Prompt -
Exactly as written, retype the lines that run from the line holding "Hotel Sleep Inn Paseo Las Damas" through the end of the records below. Do not include pictures.

Source information -
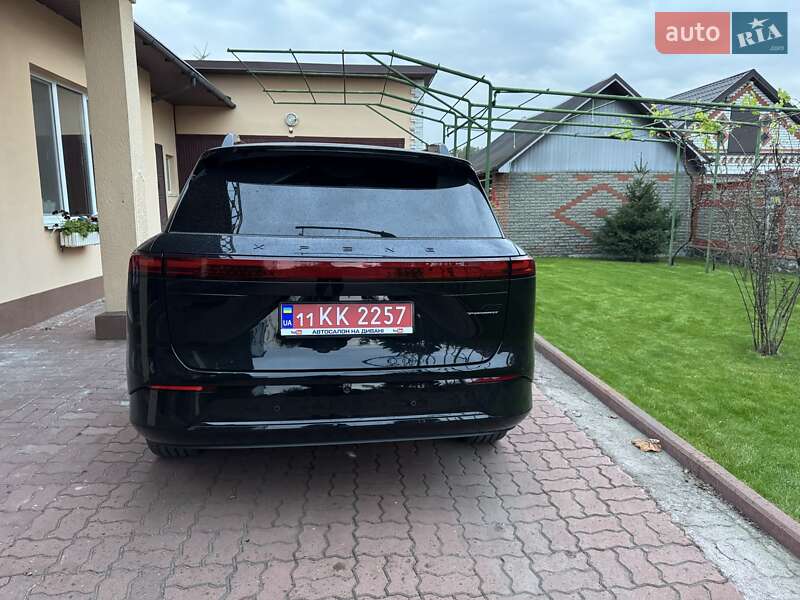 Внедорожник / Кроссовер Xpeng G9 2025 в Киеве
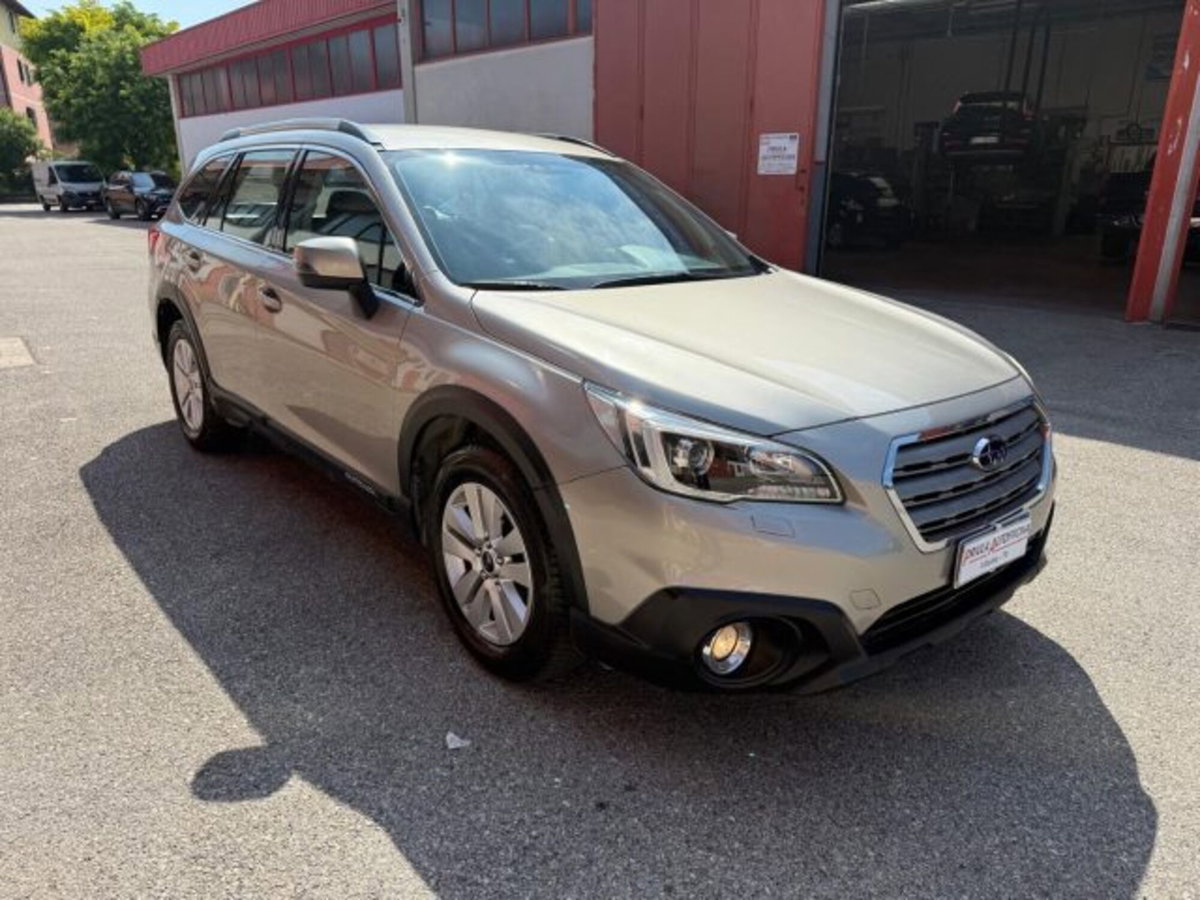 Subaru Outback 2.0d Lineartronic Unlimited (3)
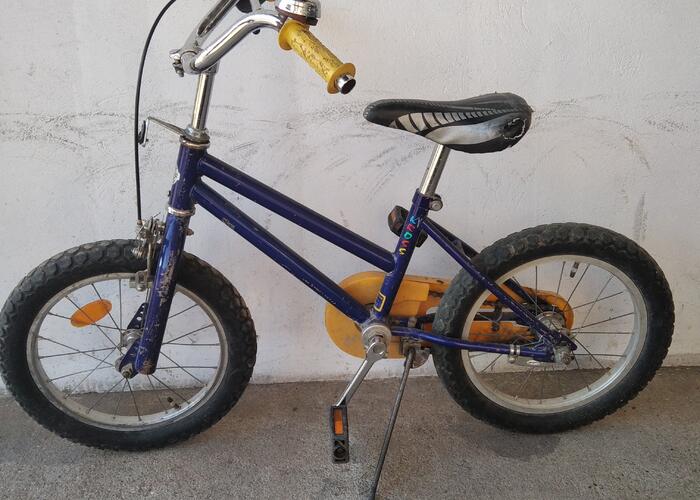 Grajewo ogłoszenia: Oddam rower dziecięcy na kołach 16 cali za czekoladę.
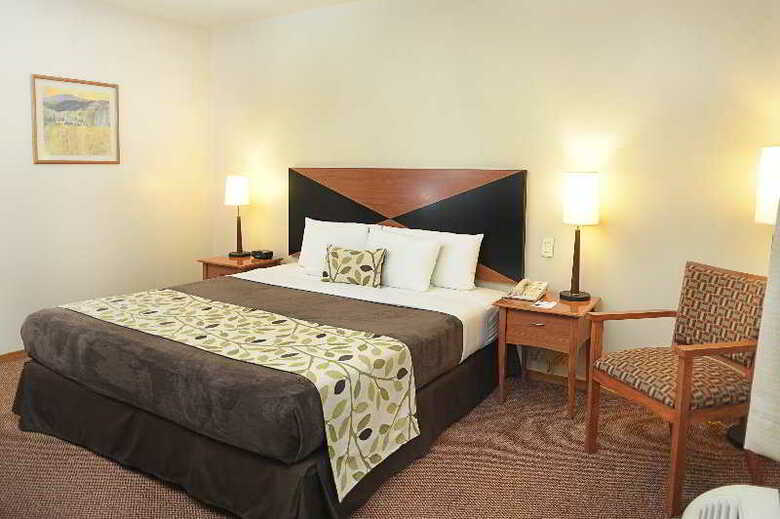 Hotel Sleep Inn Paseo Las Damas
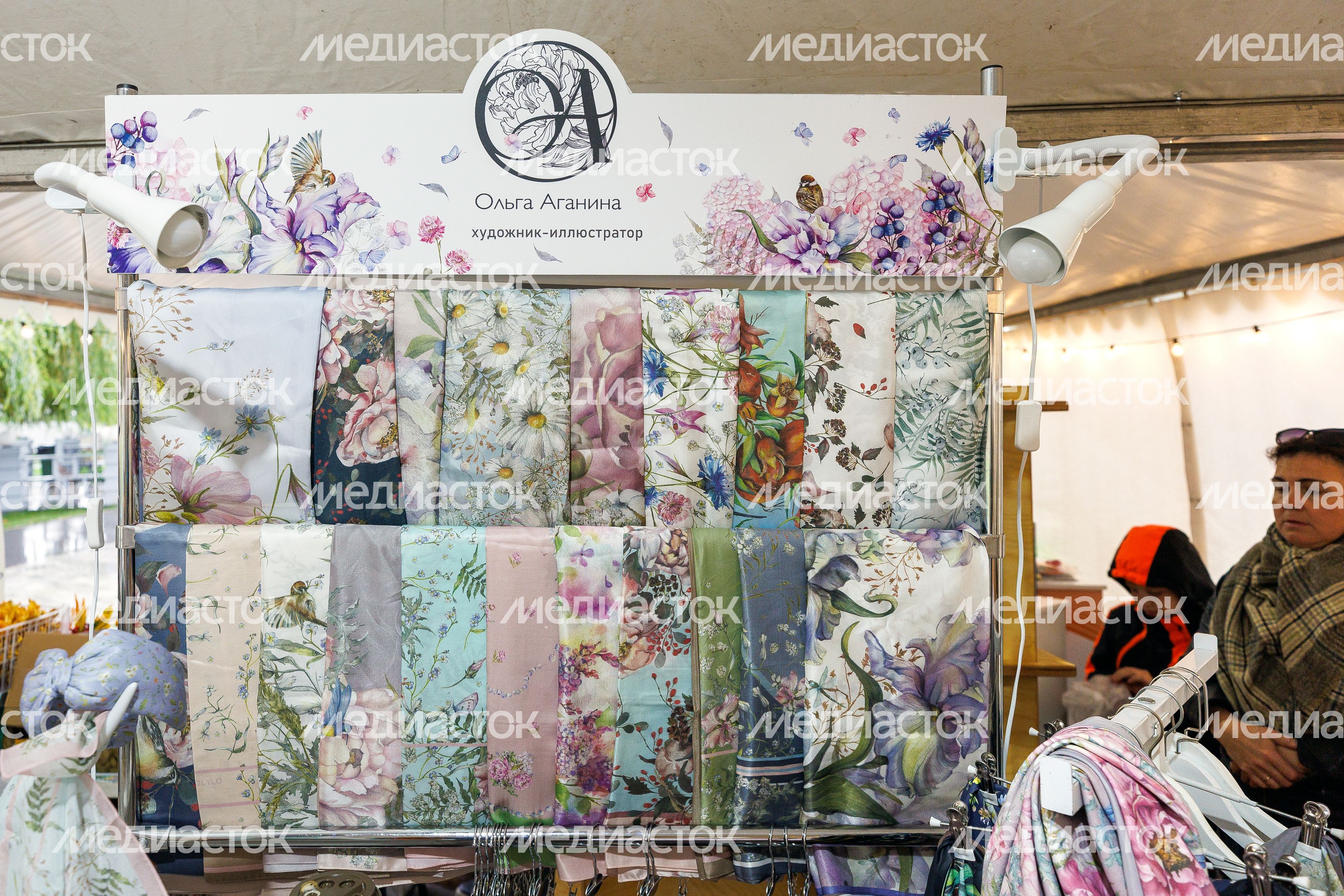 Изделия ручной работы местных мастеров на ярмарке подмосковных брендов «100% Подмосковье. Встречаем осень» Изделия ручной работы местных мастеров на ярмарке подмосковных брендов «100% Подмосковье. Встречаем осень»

The answer -
 Hotel Sleep Inn Paseo Las Damas
 Изделия ручной работы местных мастеров на ярмарке подмосковных брендов «100% Подмосковье. Встречаем осень» Изделия ручной работы местных мастеров на ярмарке подмосковных брендов «100% Подмосковье. Встречаем осень»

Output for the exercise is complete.